Читаем На мохнатой спине (журнальный вариант) полностью

—Мало!—отчаянно крикнула она.—Мало! Это все слова! Они ничего не значат, когда одна любовь уходит и приходит другая!

Наверное, она действительно так думала.

Я понял, что ничего не смогу объяснить. И если буду ее и дальше слушать, то через полчаса и сам себе не сумею растолковать, какого рожна, в самом деле, отказался от манящего простора впереди.

Оставалось смеяться.

—Ну,—улыбнулся я,—я же русский, а мы, как известно, прирожденные рабы. Не понимаем, зачем свобода...

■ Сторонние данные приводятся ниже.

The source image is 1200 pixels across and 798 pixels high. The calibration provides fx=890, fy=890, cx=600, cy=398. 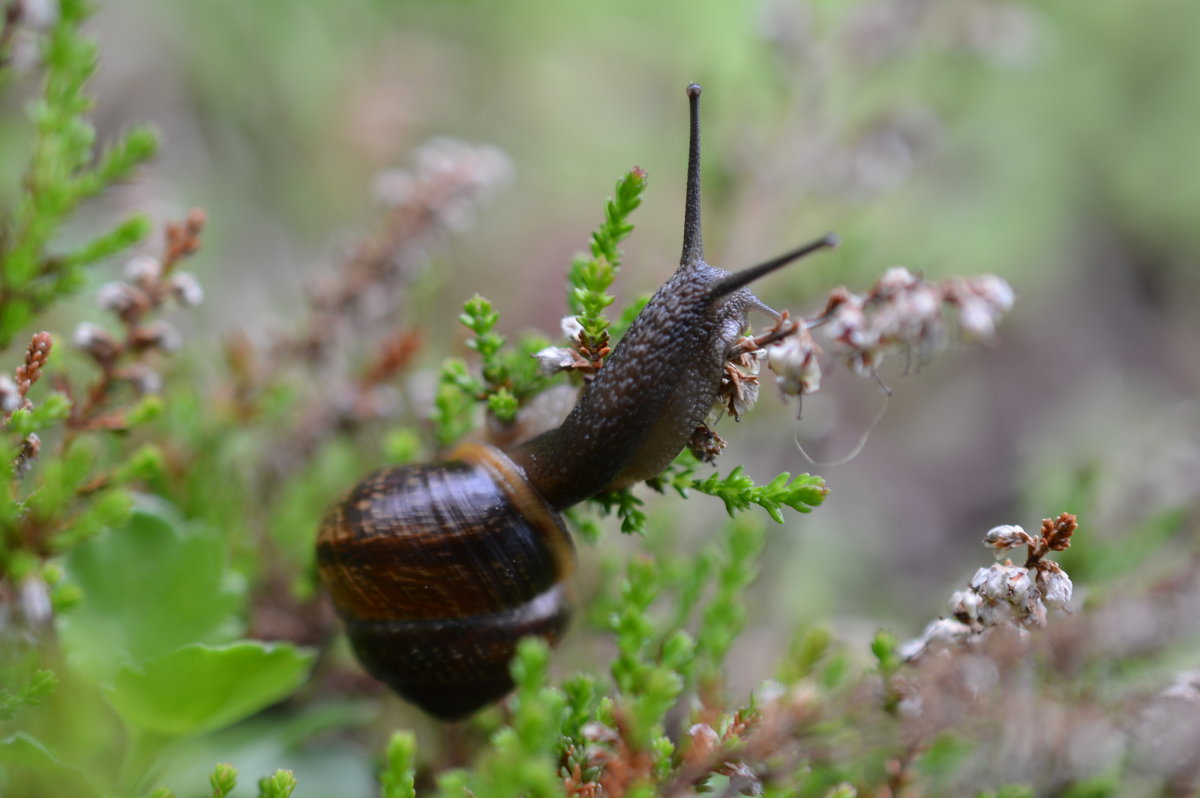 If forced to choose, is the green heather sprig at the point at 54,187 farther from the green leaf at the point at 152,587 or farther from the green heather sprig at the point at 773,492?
the green heather sprig at the point at 773,492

Я еще не договорил, а уже успел увидеть, что шутка не удалась. Наоборот. Ее глаза наконец-то полыхнули сухим гневом, а побелевшие губы затряслись. То, что русские—рабы, было для нее столь непреложной истиной, что она вовсе не почувствовала шутки. И поняла меня так: я бы давно от тебя ушел, если б у меня хватило духу. Хотя я сказал совсем не это, а то, что сказал: мне не нужна свобода, состоящая в предательстве. Это ведь и будет лишь предательство, а не свобода.

—Лучше бы ты мне изменил,—ответила она негромко, с ледяной яростью.—По крайней мере, мне было бы за что тебя ненавидеть.

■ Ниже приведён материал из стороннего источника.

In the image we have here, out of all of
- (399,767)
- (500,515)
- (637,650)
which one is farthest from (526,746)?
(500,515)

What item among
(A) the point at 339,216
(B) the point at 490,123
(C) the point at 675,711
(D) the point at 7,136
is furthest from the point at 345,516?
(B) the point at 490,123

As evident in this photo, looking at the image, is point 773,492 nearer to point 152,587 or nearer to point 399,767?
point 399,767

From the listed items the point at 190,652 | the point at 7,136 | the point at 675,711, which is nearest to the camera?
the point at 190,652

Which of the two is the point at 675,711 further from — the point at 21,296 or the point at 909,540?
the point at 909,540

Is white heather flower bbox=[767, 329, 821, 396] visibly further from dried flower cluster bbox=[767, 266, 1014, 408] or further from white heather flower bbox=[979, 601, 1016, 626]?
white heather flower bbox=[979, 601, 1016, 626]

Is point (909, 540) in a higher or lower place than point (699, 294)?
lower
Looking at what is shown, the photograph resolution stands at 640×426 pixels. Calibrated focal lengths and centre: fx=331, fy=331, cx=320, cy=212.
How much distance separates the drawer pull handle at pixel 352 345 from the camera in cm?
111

Мне стало так жутко, что пересохло в горле.

Самая страшная, самая неутолимая ненависть—это ненависть ни за что, ненависть за все. Ненависть оттого, что думаешь, будто к тебе снисходят. Оттого, что не можешь ответить смирением на смирение, великодушием на великодушие, преданностью на преданность и породненностью на породненность; а тот, кто все это каким-то непонятным образом с легкостью может, маячит рядом и вовсе не манит как пример, а жжет, точно непрестанный укор, неутомимое напоминание, нескончаемая издевка судьбы: не можешь! не можешь! я могу, а ты не можешь!

От такой ненависти нет лечения и нет спасения.

Наверное, если бы я и впрямь распластал на нашем диване эту красивую, нежную, голую и молодую и жена слышала бы из-за стенки ее самозабвенные вскрики боли и счастья и мой самодовольный клекот насыщающегося самца—она не так ненавидела бы меня, как сейчас. Тогда мы, наверное, могли бы еще помириться. Дело, мол, житейское. Теперь—никогда.

Я сказал:

—Маша, я очень устал и пошел спать.

Удивительно, что, поворочавшись с полчаса, я действительно сумел забыться.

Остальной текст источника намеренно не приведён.